* **Items listed in a dataset**:
Start of Block
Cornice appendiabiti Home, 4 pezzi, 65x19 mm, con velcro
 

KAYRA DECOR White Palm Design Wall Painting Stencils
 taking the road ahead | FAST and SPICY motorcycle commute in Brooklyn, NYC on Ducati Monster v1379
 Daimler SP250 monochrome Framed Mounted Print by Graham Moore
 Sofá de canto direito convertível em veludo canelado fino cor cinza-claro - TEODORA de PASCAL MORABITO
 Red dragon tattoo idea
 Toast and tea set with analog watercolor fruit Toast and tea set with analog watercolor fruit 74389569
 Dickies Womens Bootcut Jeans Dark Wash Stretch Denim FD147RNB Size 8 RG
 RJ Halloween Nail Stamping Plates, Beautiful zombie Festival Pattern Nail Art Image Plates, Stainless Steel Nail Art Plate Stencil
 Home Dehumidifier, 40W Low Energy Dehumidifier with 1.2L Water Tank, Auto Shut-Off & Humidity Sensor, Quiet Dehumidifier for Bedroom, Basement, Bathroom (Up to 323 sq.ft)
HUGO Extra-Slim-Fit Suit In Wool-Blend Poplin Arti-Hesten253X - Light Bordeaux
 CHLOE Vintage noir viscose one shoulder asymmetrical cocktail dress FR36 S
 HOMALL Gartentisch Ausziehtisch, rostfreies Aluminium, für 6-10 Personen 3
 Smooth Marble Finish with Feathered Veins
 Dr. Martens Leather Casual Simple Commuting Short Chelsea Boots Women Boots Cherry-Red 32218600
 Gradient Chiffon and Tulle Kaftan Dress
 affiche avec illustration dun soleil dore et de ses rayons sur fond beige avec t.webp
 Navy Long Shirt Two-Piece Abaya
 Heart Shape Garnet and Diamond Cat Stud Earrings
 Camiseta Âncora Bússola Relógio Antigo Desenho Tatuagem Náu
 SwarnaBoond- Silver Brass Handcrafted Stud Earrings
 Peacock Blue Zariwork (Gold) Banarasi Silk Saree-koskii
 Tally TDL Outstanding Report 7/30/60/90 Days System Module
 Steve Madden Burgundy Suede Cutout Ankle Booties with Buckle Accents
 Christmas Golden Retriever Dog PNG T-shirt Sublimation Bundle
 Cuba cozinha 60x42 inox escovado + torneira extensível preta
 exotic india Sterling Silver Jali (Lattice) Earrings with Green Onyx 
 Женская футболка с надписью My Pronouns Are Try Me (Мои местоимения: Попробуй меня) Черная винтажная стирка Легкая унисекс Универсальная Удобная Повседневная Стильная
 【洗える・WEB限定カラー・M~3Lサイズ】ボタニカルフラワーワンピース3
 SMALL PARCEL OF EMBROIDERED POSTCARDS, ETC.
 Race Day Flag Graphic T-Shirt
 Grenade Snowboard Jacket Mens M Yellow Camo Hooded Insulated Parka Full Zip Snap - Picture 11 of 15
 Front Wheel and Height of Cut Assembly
End of Block
* **WHAT THIS TASK INVOLVES**: Where a line in the records above contains the word "Silver", copy that line.

* **WRITTEN SOLUTION**:
 SwarnaBoond- Silver Brass Handcrafted Stud Earrings
 exotic india Sterling Silver Jali (Lattice) Earrings with Green Onyx 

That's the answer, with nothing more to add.